Chapitre 21
Le lendemain matin, Rohane se leva avec une excitation difficile à contenir. La nuit avait été courte, son esprit rempli d'enthousiasme pour la prochaine étape de sa mission. Elle avait déjà pris son petit déjeuner lorsqu'elle se rendît compte de son retard. Elle n'avait plus été en cours très régulièrement ces derniers temps et ça se ressentait. La jeune femme se précipita dehors en lâchant un rapide "salut" à Cloud et Milo et, d'une démarche mi pressée mi nonchalente, se rendît à l'unviersité.
La journée promettait d'être longue pensait-elle. Mais la hâte d'appeler la maison de retraite où se trouvait Archie l'encourageait à essayer de passer le temps aussi vite que possible. Elle prit place au fond de la salle, essayant de ne pas se faire remarquer, le cours venant de commencer, mais sa tentative fût vaine et le professeur la fusilla du regard.
"Plus que quelques mois" se rassura-elle mentalement, les regards braqués sur elle. Gênée d'avoir attiré l'attention, elle sortit ses affaires le visage rouge en se cachant du mieux qu'elle pouvait derrière ses mèches rousses. C'est vrai que Rohane détestait être le centre de l'attention. Petite déjà, elle préférait passer ses récréations à dessiner avec des craies dans la cour que de jouer à chat avec ses camarades. Elle a toujours eu cette appréhension des autres et de l'inconnu et bien évidemment cela s'est accentué au collège. Tout le monde sait que les collégiens sont impitoyables entre eux, surtout avec les personnes légèrement différentes comme Rohane.
Elle a toujours été bonne élève ce qui attisait la jalousie. Elle préférait dessiner dans les coins de ses livres que de discuter avec les autres pour passer l'ennui, ce que les autres trouvaient "bizarre" : quelle ado de 14 ans ne préférerait pas discuter de tout et de rien avec ses copines plutôt que de rester dans son coin à dessiner ?
Enfin bref, Rohane détestait attirer les regards, elle aimait son intimité et son calme et avec tout ce qui se passait dans sa vie actuellement, elle se sentait légèrement sortie de sa zone de confort.
Elle sortit un crayon et une feuille et se mît à griffonner dessus maussade, essayant de suivre tant bien que mal le cours.
La matinée passa lentement, le temps de midi lui sembla durer une éternité et tenir l'après-midi fût un supplice mais elle survécut, et c'est à nouveau survoltée comme à son réveil qu'elle se précipita hors de l'université pour trouver un coin au calme afin d'appeler la maison de retraite sans éveiller les soupçons de Milo.
Elle trouva l'endroit parfait au fond d'un petit parc très peu fréquenté dans ces heures-ci et composa le numéro, le cœur battant.
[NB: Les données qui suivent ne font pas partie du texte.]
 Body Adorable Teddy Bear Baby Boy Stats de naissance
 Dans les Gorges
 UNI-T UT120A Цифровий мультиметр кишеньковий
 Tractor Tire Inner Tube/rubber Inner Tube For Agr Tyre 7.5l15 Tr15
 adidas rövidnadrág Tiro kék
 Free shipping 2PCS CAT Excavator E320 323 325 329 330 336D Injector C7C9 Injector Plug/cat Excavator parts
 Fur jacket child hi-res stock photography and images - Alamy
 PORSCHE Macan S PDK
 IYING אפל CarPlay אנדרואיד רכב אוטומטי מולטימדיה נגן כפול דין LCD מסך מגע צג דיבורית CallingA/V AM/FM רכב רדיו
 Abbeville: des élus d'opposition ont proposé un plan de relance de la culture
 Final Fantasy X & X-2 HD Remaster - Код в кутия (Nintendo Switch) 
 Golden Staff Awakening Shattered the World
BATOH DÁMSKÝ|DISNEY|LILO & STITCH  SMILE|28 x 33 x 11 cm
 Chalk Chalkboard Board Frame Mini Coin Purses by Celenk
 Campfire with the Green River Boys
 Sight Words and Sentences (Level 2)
A la première sonnerie, elle se répéta son texte mentalement. A la deuxième, elle se dit que finalement ce n'était peut être pas une bonne idée et qu'elle devrait attendre la réouverture. A la troisième, elle hésitait à raccrocher.
Elle n'eût pas le temps d'entendre la quatrième car la voix de la réceptionniste retentît :
"Résidence du Soleil, que puis-je faire pour vous ?"
Rohane sursauta et, prise de panique, sembla oublier tout le texte qu'elle avait mentalement révisé toute la journée.
"Euh b-bonjour madame. Je vous appelle pour un euh renseignement s'il vous plaît." Bégaya-elle, désorientée.
La femme à l'autre bout du fil sembla sourire et c'est avec une grande douceur dans sa voix qu'elle répondit.
"Oui bien sûr, je vous écoute, comment puis-je vous aider ?
- Oh euh... J'aurai aimé avoir des renseignements sur la date de réouverture au public. Avez-vous déjà une idée de quand je pourrais venir sur place ou non ?" Articula la rousse, toujours un peu stressée.
"Je ne suis vraiment pas sûre, Nous espérons pouvoir rouvrir fin de la semaine prochaine mais tout est encore assez incertain pour ne rien vous cacher." Répondit la réceptionniste, embêtée de ne pas avoir de réponse plus précise.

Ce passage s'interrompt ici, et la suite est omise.